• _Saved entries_
_ _ _ _ _
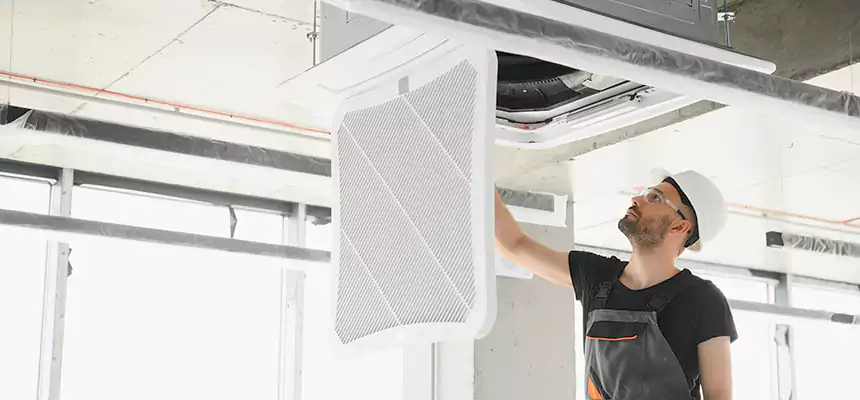 Our Indoor Air Quality Improvement Services in Sanford, FL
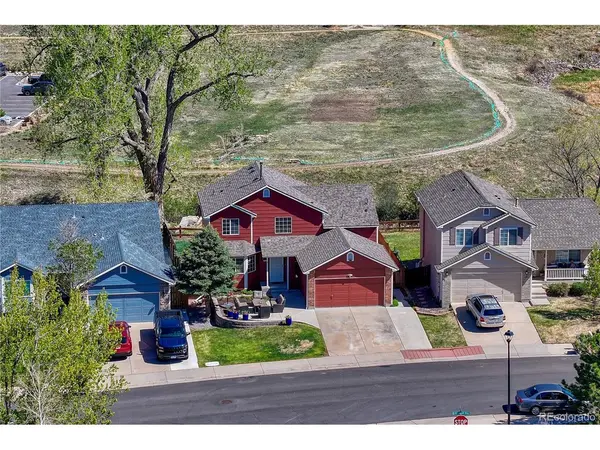 23033 Blackwolf, Parker, CO 80138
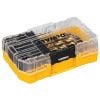 Picture of Dewalt® 14Pc Titanium Pp Drill Bit Set W/1/2" Part# - Dw1354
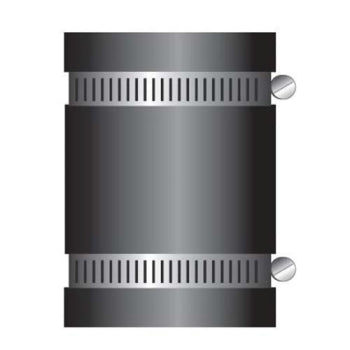 NATIONAL PIPE AND PLASTICS PCX02-44 PVC FITTINGS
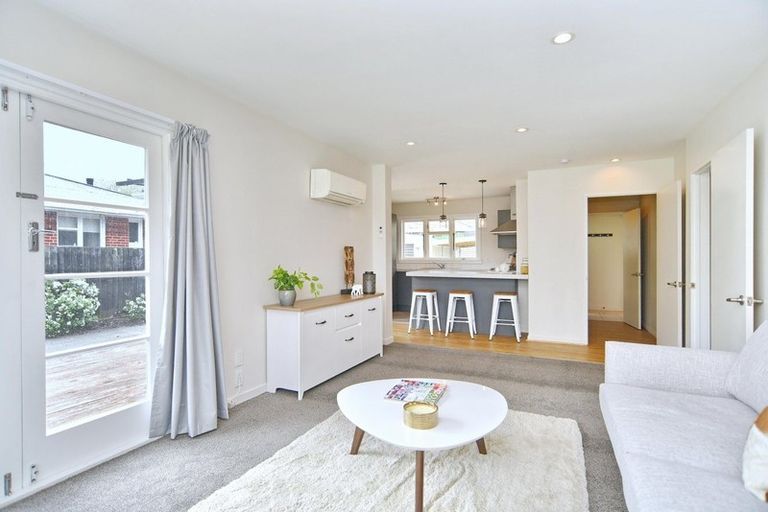 Photo of property in 90 Joy Street, Shirley, Christchurch, 8061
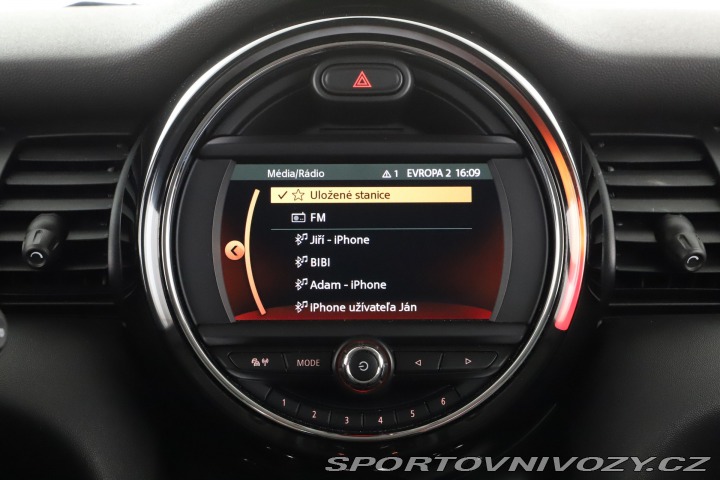 Mini Cooper Cooper 2019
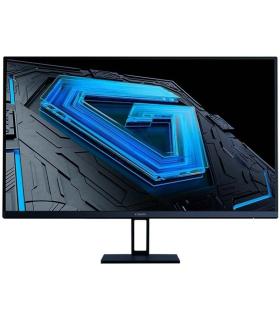 Monitor Gaming Xiaomi Gaming Monitor G27i 27\'/ Full HD/ 1ms/ 165Hz/ IPS/ Negro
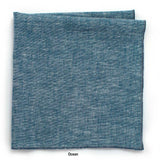 General Knot & Co. Apparel & Accessories 13" x 13" / Ocean Linen Irish Linen Squares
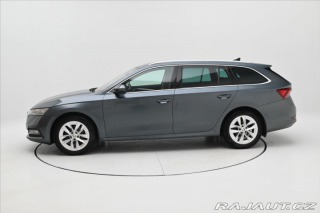 Škoda Octavia 2,0 TDi 85kW Business Zár 2021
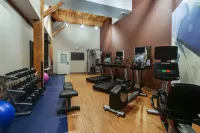 SpringHill Suites Montgomery Downtown - 3 estrellas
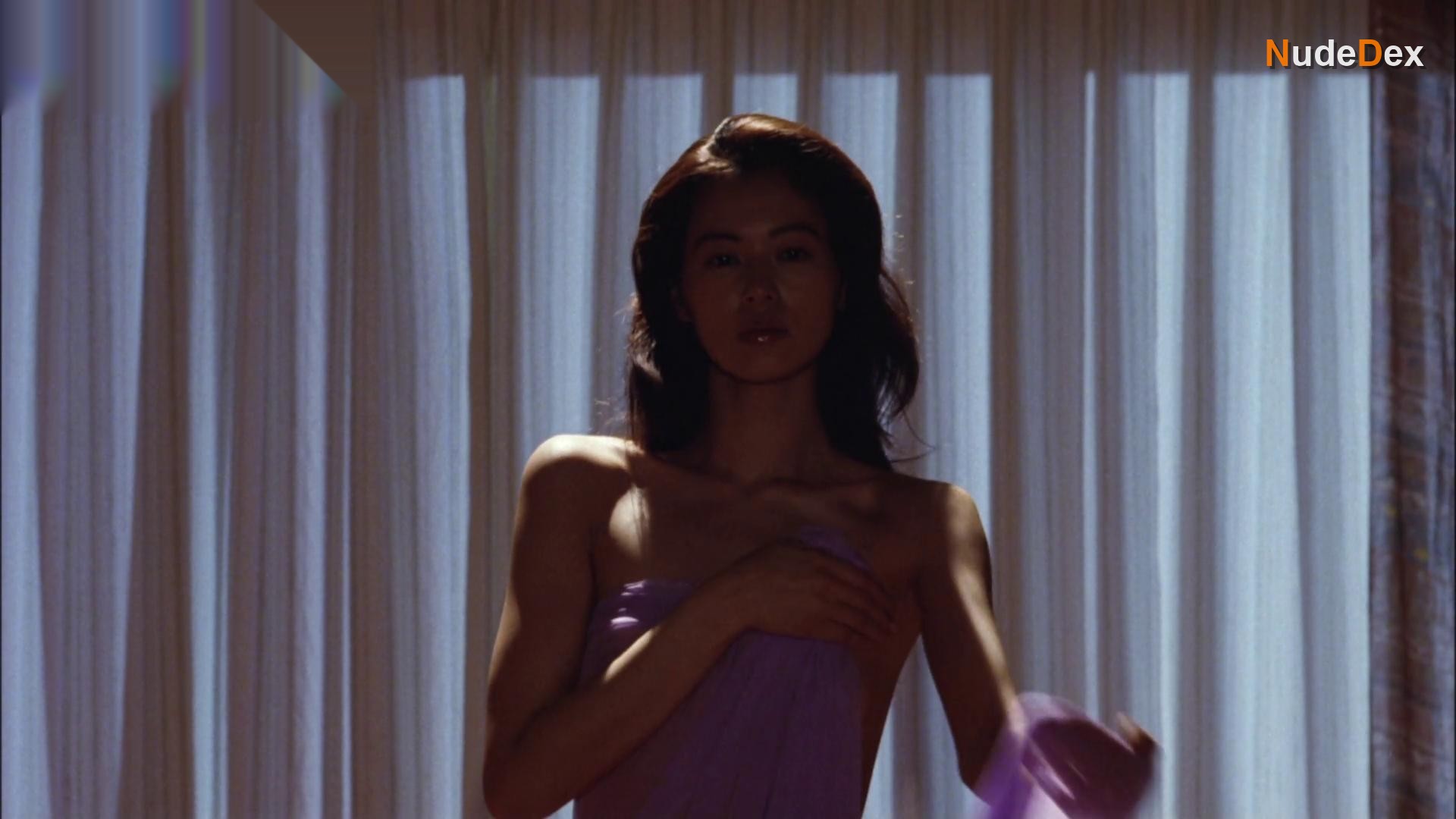 Tomoka Kurotani in Tannka, photo 17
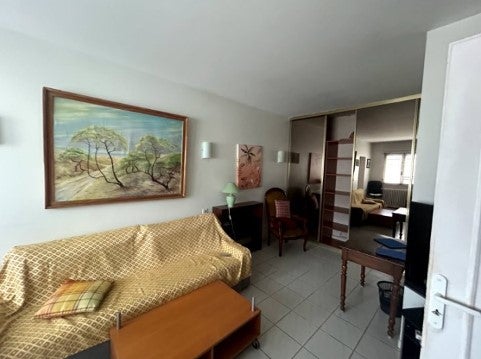 Flat Rue des Treilles in Libourne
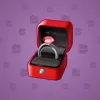Diamond Ring #28117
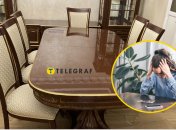 Обеденный стол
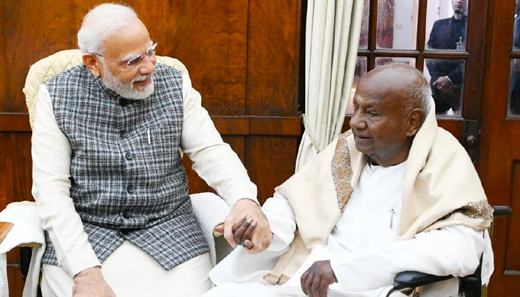 BJP-JDS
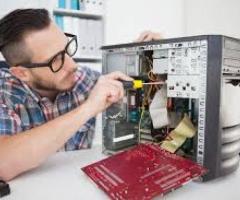 Computer service person available in Neelambur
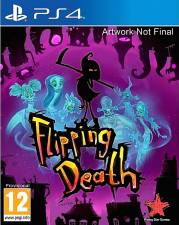 FLIPPING DEATH [PS4]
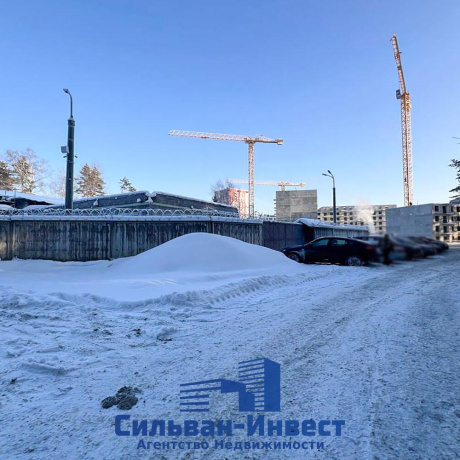 Фотография Сдается производственное/складское помещение по адресу д. Боровая, Боровлянский с/с, д. 88 - фото 7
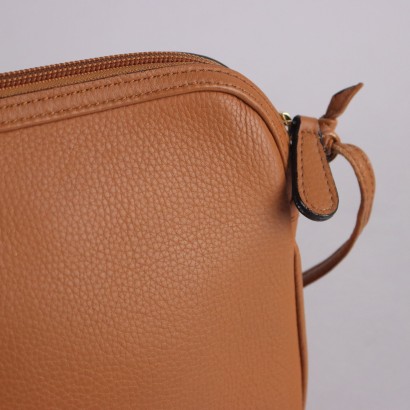 Bolso de hombro vintage Serapian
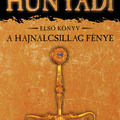 Bán: A Hajnalcsillag fénye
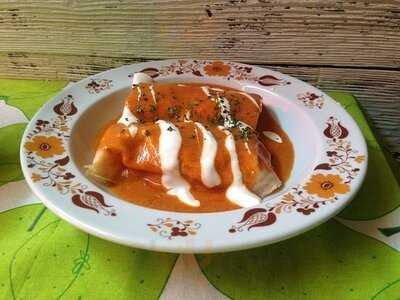 Kisbödön Ételbár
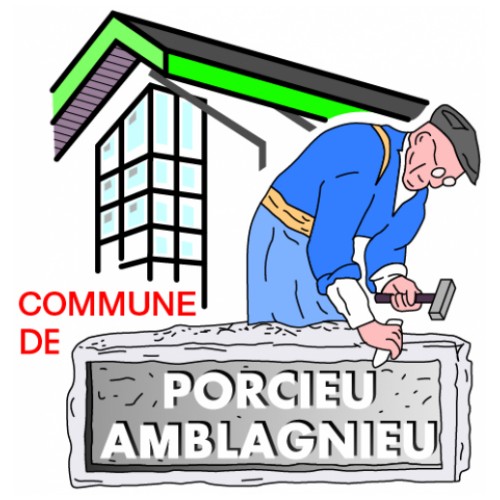 Application citoyenne de la commune de Mairie de Porcieu-Amblagnieu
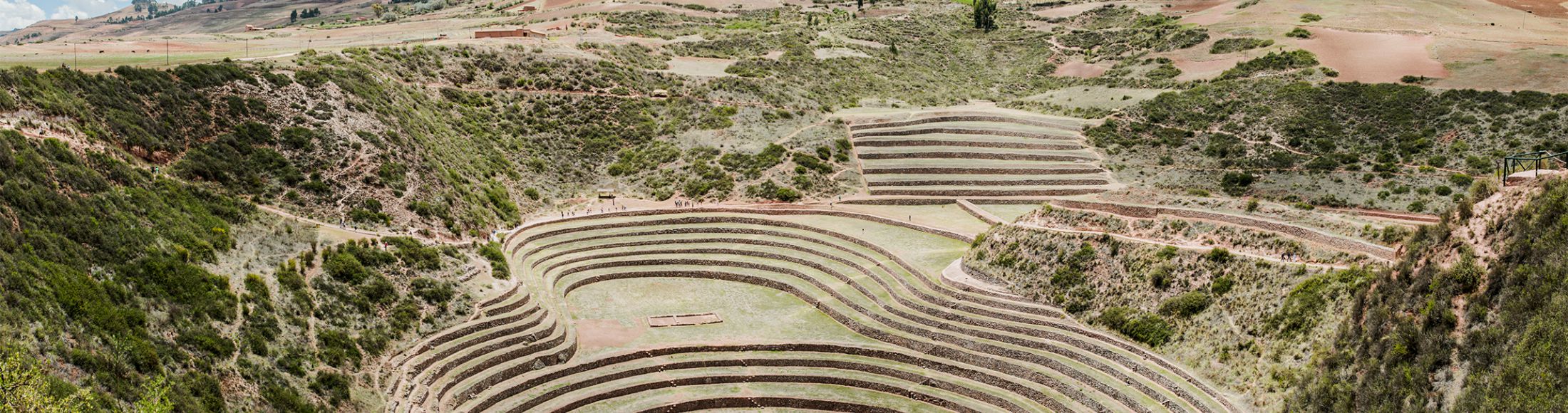 Machu Picchu 6D5N Viajero (Full Cultural) desde El Salvador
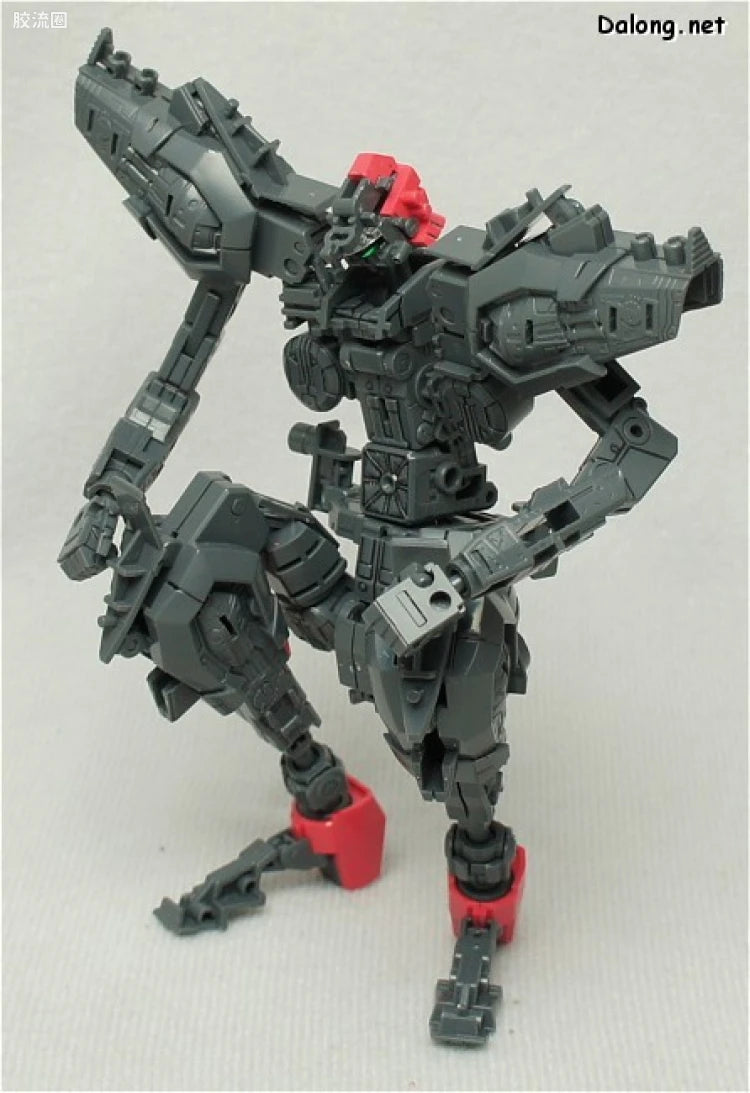 Bandai MG 1/100 GAT-X303 Aegis Gundam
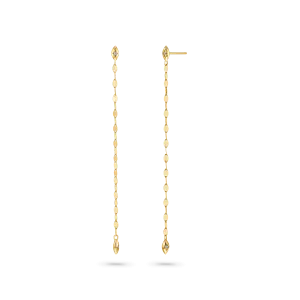 Demi Starset Diamond Duster Earrings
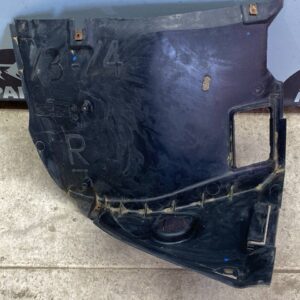 Локер (Подкрылок) передний правый BMW 3/E46 1998-2007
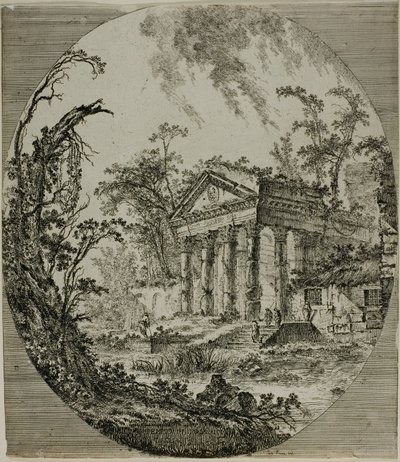 Temple d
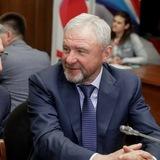 Сергей Петров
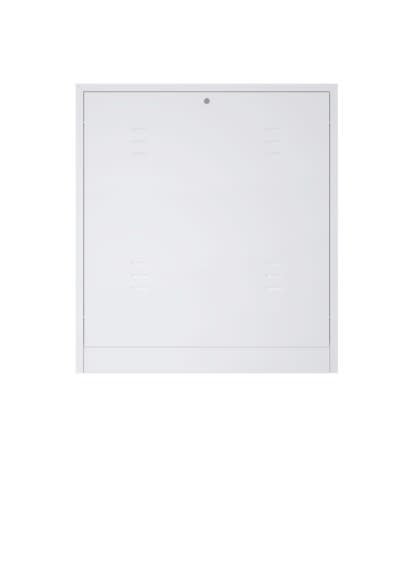 Stiebel Eltron - Habillage pour modules thermiques d'appartement WS Plus GAK-B 1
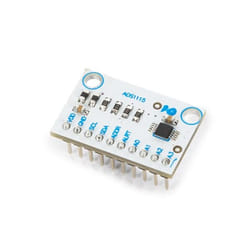 Whadda WPI453 accessoire pour carte de développent Blanc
_ _ _ _ _
• _ABOUT THIS EXERCISE_
All records must be output exactly as they are, except for the pictures, which are left out.

• _RESPONSE BELOW_
 Our Indoor Air Quality Improvement Services in Sanford, FL
 23033 Blackwolf, Parker, CO 80138
 Picture of Dewalt® 14Pc Titanium Pp Drill Bit Set W/1/2" Part# - Dw1354
 NATIONAL PIPE AND PLASTICS PCX02-44 PVC FITTINGS
 Photo of property in 90 Joy Street, Shirley, Christchurch, 8061
 Mini Cooper Cooper 2019
 Monitor Gaming Xiaomi Gaming Monitor G27i 27\'/ Full HD/ 1ms/ 165Hz/ IPS/ Negro
 General Knot & Co. Apparel & Accessories 13" x 13" / Ocean Linen Irish Linen Squares
 Škoda Octavia 2,0 TDi 85kW Business Zár 2021
 SpringHill Suites Montgomery Downtown - 3 estrellas
 Tomoka Kurotani in Tannka, photo 17
 Flat Rue des Treilles in Libourne
Diamond Ring #28117
 Обеденный стол
 BJP-JDS
 Computer service person available in Neelambur
 FLIPPING DEATH [PS4]
 Фотография Сдается производственное/складское помещение по адресу д. Боровая, Боровлянский с/с, д. 88 - фото 7
 Bolso de hombro vintage Serapian
 Bán: A Hajnalcsillag fénye
 Kisbödön Ételbár
 Application citoyenne de la commune de Mairie de Porcieu-Amblagnieu
 Machu Picchu 6D5N Viajero (Full Cultural) desde El Salvador
 Bandai MG 1/100 GAT-X303 Aegis Gundam
 Demi Starset Diamond Duster Earrings
 Локер (Подкрылок) передний правый BMW 3/E46 1998-2007
 Temple d
 Сергей Петров
 Stiebel Eltron - Habillage pour modules thermiques d'appartement WS Plus GAK-B 1
 Whadda WPI453 accessoire pour carte de développent Blanc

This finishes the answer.